Then YouTube changed everything.  The site, which launched in 2005, allowed Todd to reach a worldwide audience.  “We were really able to show off our projects,” he said.

Improv Everywhere became so popular that Todd made it his full time job in 2009.  Now he makes most of his money from the YouTube Partner Program and public appearances.  He gives lecture tours, mostly at colleges, and performs all over Europe.

Back in New York, he spends a lot of time meeting with journalists, who are usually disappointed.  Todd said they hope to see exciting Improv Everywhere team meetings, but usually just find him sitting at his computer.  That’s because a lot of his job involves managing his inbox and monitoring social media.  He tracks the response to each new Improv Everywhere video for about two days.

Planning Pranks

Todd also spends a lot of time planning upcoming missions.  But no matter how much he prepares, the pranks themselves can be nerve-wracking.  “The process is fun,” he said, “but the moment of it actually happening, I have a lot on my mind.”

He gave an example of a recent mission, where he brought beds onto a regular subway car and turned it into a “sleeper car.”  During the mission he worried that his group of pranksters would be separated, that he wouldn’t be able to get the beds off, and that the camera people would not capture it the way he hoped.

Worse yet, he had to worry about people calling the cops.  That’s exactly what happened in 2006, when Todd arranged for about 80 people to enter a Best Buy wearing the store’s traditional “uniform” – a blue polo shirt and khaki pants.  The store managers weren’t happy, and some employees thought they were about to be robbed.

However, most people enjoy the pranks, and that’s what makes it worthwhile.  Todd said his favorite part happens when the missions are over and he can see the photos.  To him, just spotting someone in the crowd with a “nice, simple smile” is satisfying.  He doesn’t want to break the law – only social norms.

Public Space as a Stage

But Todd makes it clear that Improv Everywhere isn’t about social change.  He said it has “always been a comedy project,” and he won’t do an idea that doesn’t make him laugh.  Still, the underlying message is that citizens should have the right to use public space for creativity.  “Public squares are not just for advertising, or a statue of George Washington,” he said.

“The best Improv Everywhere projects are the ones that are site specific,” he said.  He added that he looks at the city with a “creative eye,” seeing parks, buildings, and structures as a stage.

An Improv Wedding

And Todd is always performing – even at his own wedding.  He got married last October, but the ceremony was interrupted by a man claiming to be his fiance’s ex-boyfriend, a professional wrestler.  The man “punched” Todd in the face, then fought with the groomsmen until Todd beat him into submission with a folding chair.

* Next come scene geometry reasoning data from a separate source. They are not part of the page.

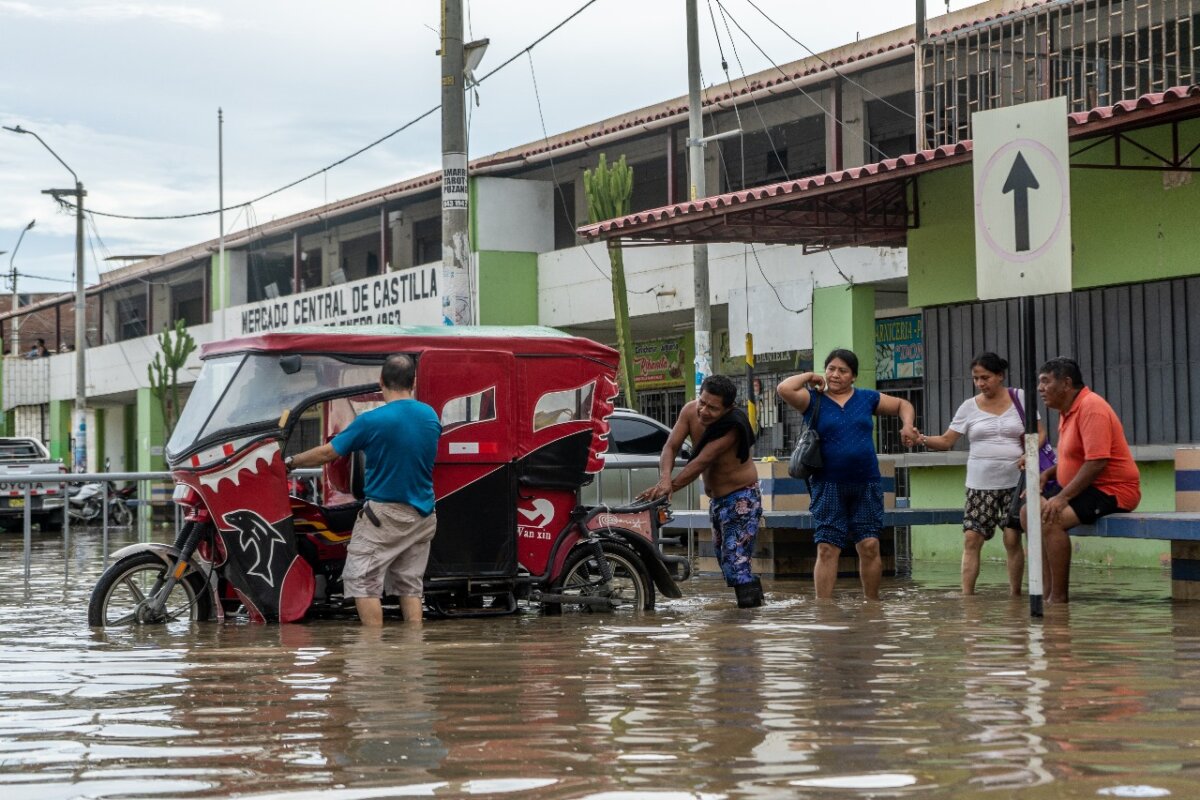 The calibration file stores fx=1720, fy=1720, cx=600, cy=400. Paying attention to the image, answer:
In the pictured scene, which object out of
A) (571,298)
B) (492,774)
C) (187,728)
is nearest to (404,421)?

But this prank wasn’t one of Todd’s.  The idea came from his new wife, Cody Lindquist.  He met Lindquist, an actress and comedienne, through the Upright Citizens Brigade.  It seems he found a true partner – literally.  The couple works together on many Improv Everywhere missions.

The Future

Even with his recent success, Todd keeps looking toward the future.  He works hard to release a new video each month, and is already planning this July’s MP3 Experiment.  He also continues to perform at the Upright Citizens Brigade Theatre, where you can catch him at 7:30 on Saturday nights.

That is, if you want your bubble popped.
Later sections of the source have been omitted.